Weitere Kapitel beschäftigen sich mit den Einflüssen auf Ausbildungsverhältnisse, Dienstverpflichtungen zur Pandemiebekämpfung und Sonntagsarbeit. Da aufgrund des Art. 11 der EU – Rahmenrichtlinie Arbeitsschutz die Arbeitervertretung zwingend zu beteiligen ist, beschäftigen die folgenden Kapitel intensiv mit den Beteiligungsrechten der Arbeitnehmervertretung, unter Einschluss der Durchführung von Betriebsratswahlen, der Kommunikation im Betrieb, Gewerkschaftsrechten und den geänderten Rechtsgrundlagen für die Beschlussfassung des Betriebsrats. § 17 geht intensiv darauf ein, welche Besonderheiten bei den Beteiligungsrechten bestehen, besonders in Ansehung der Mitwirkungsmöglichkeiten des § 87 BetrVG. Weiter eingegangen wird auf Eilfälle und es wird eine kollektivrechtliche Betrachtung der Verteilung der Arbeitszeit mit Blick auf das Individualarbeitsrecht vorgenommen. Dieser Faden wird im folgenden Kapitel über die Möglichkeiten eines Abschlusses von Betriebsvereinbarungen für Pandemie-Situationen aufgenommen und es wird gezeigt, welche Optionen sich hier eröffnen können. § 21 geht insbesondere auf Möglichkeiten der Durchsetzung eines Eilarbeitsschutzes ein, ggf. mit gerichtlicher Inanspruchnahme, aber auch die Vorschlagsrechte des § 92 a BetrVG werden thematisiert. Der Band schließt mit einer Betrachtung zu etwaigen, pandemiebedingten Betriebsänderungen, etwa bei Einführung grundlegend neuer Arbeitsmethoden.

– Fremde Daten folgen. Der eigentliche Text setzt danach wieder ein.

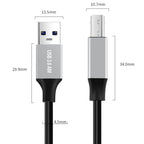 USB 3.0 A Male to USB-B Square Interface Printer Data Transmission Adapter Cable, 0.3m, 1m, 2m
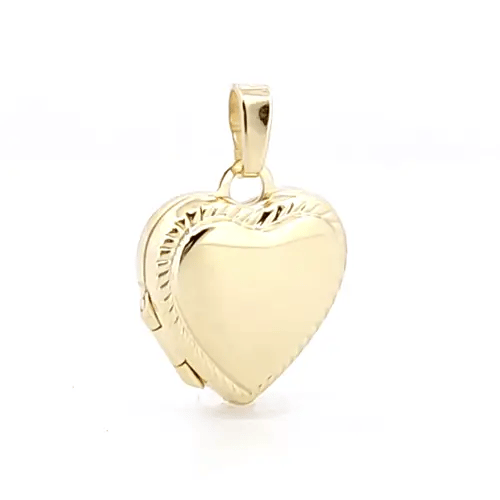 9ct Gold  Rope Love Heart Locket Pendant, 15mm - JLC129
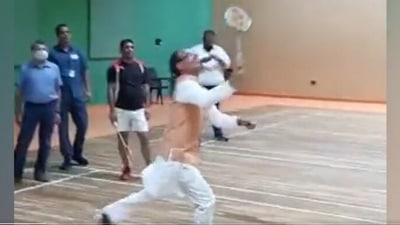 Screengrab from video shred by the Madhya Pradesh chief minister on Twitter. Screengrab from video shred by the Madhya Pradesh chief minister on Twitter.
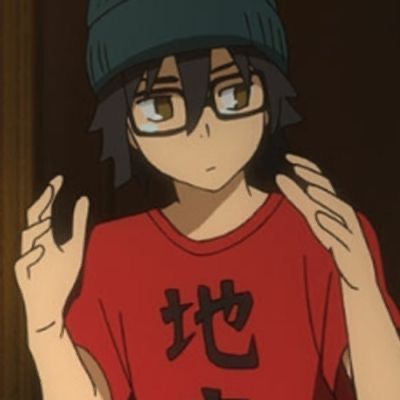 an anime character wearing glasses and a red t - shirt with black writing on it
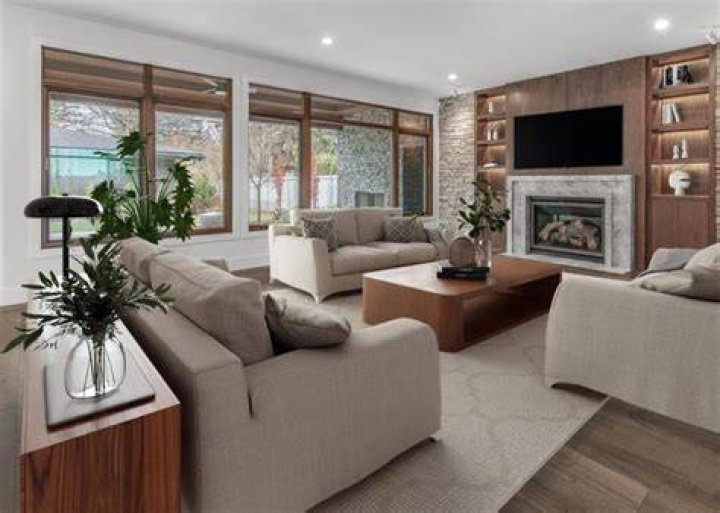 Living room with Riverside Park views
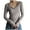 Beige, variant on Lovskoo 2024 Womens Long Sleeve Shirts Basic Tops Underscrubs Winter V Neck Bottomed Double-Sided Long Sleeve Tops Gray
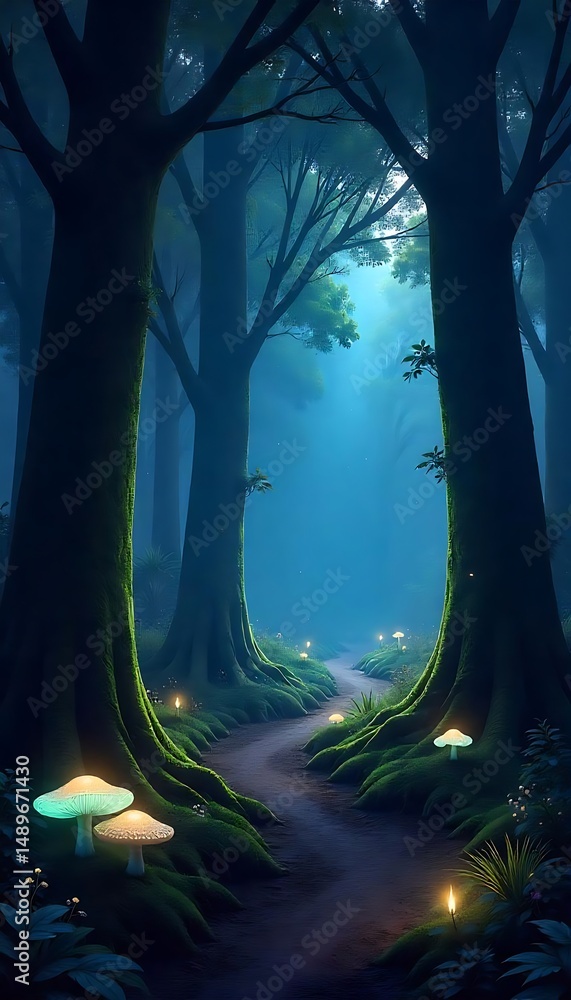 Aufkleber generative ai enchanted forest path with luminous mushrooms and towering trees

Das Handbuch behandelt Individual- und kollektivrechtliche Brennpunkte parallel und unter Bezugnahme auf die Schnittstellen. Fragestellungen z. B. speziell für Beschäftigte in der Lebensmittelproduktion und im Lebensmittelhandel, in Apotheken, Arztpraxen und Krankenhäusern, berücksichtigen Mitbestimmungs- und Gewerkschaftsrechte. Der Schwerpunkt liegt dabei auf Fragen der Beschlussfassung, den Betriebsratsrechten und den Möglichkeiten des Einigungsstellenverfahrens in der Pandemie.
Der überzeugend konzipierte Band bietet alle arbeitsrechtlichen Informationen aus Arbeitnehmersicht, die sich in einer Pandemiesituationen in der Praxis relevant werden können.